Ils marchaient sans hâte, Mago devant eux, ainsi qu'elle aimait le faire d'ordinaire. Woon secoua la tête.

- Je ne sais pas, avoua t-il. Elle avait l'air sincèrement troublée de ne pas pouvoir les déchiffrer, et je ne vois pas pourquoi elle nous les aurait montré sans nous indiquer qu'elle les avait inventé de toutes pièces, si tel avait été le cas. Je pense qu'elle dit la vérité. Ou en tout cas, qu'elle n'a pas l'intention de nous mentir.

- Juste, lui concéda Dong Soo. Et nous sommes loin de connaître tous les pays du monde, j'imagine que ça joue en sa faveur.

- De toute façon, les cartes ne sont pas complètes. Sans la représentation globale, dire qu'elle a tout inventé est une spéculation comme une autre.

Ils émergèrent dans la dernière grande avenue de la capitale, qu'il leur fallait remonter sur quelques mètres avant de bifurquer dans une série de ruelles et d'allées moins encombrées menant jusqu'au domicile des Baek. L'agitation y était plus vive, car elle comportait plus de commerces, et était aussi plus proche du palais royal. Ils y accélèrent un peu le pas, sans pour autant le rendre trop hâtif.

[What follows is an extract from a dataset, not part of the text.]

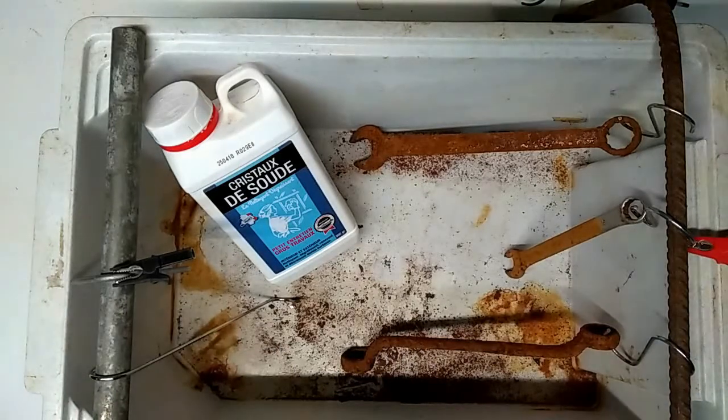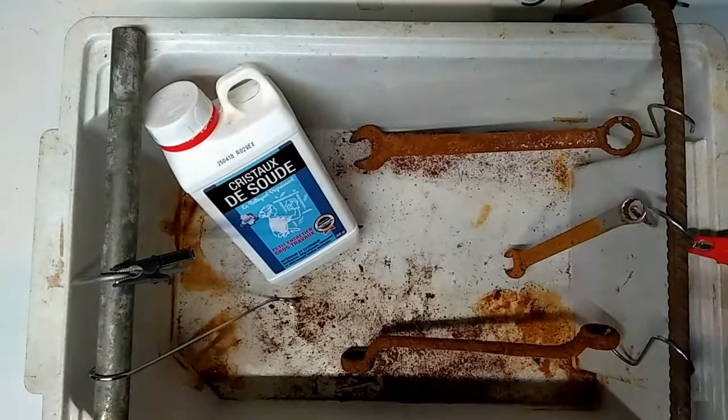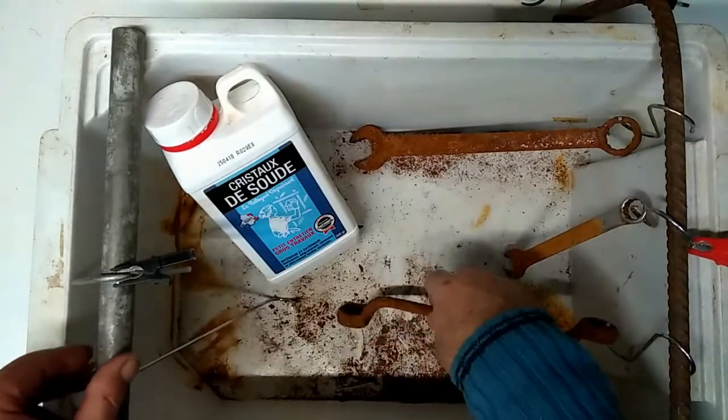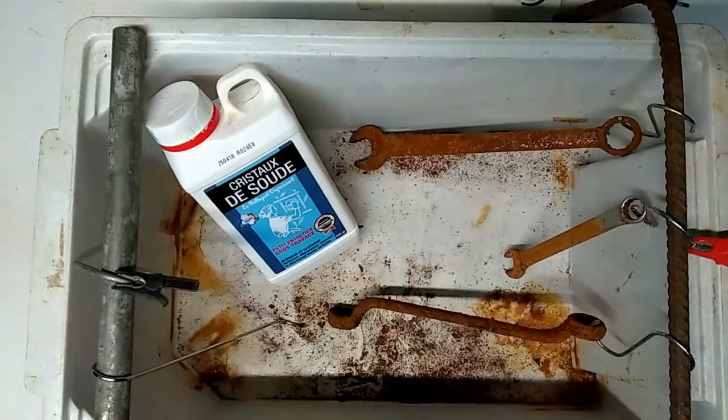Do it in a well-ventilated area and don't pass too much current through. Two amps is gentle - that's fine. It'll take 24 hours simmering away. If you pass too much, the action becomes very violent in the liquid, the electrolyte. Things can move and it only takes touching the cathode to the anode and you potentially have sparks which can ignite things. So it's just something to be aware of.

- On verra, alors, conclut finalement Dong Soo. La prochaine réunion a lieu dans deux semaines.

Ils avaient donné à Na-Young leur adresse, dans le cas où celle-ci venait à terminer les cartes ou souhaitait reprendre contact avec eux.

Woon gardait encore la sensation fantôme, malgré les journées qui s'étaient écoulées depuis, des mains de Dong Soo, de ses boucles entre ses doigts, de son ventre chaud, de sa lèvre entre ses dents et des vibrations causées par les battements de son cœur gorgé de sang vivant contre sa propre poitrine désespérément silencieuse et vide.

Il s'alarmait, intérieurement, de trouver sa colère intacte et de plus en plus gourmande, entraînant dans son sillage aussi bien Dong Soo que son père, Sa-Mo, Cho-Rip, les autres garçons du camps, Chun, lui-même. Les cibles s'agglutinaient les unes aux autres, commençaient à former une masse compacte, dangereuse. Il aurait voulu pouvoir aborder le sujet, trouver une manière de l'amener sur la table qui eût été à la fois naturelle et aisée, se dégager rien qu'un instant du courant de ses angoisses et indécisions, ôter la terre de sous sa tombe, là où dormaient les choses qui étaient eux, leur substrat, depuis leur douze ans.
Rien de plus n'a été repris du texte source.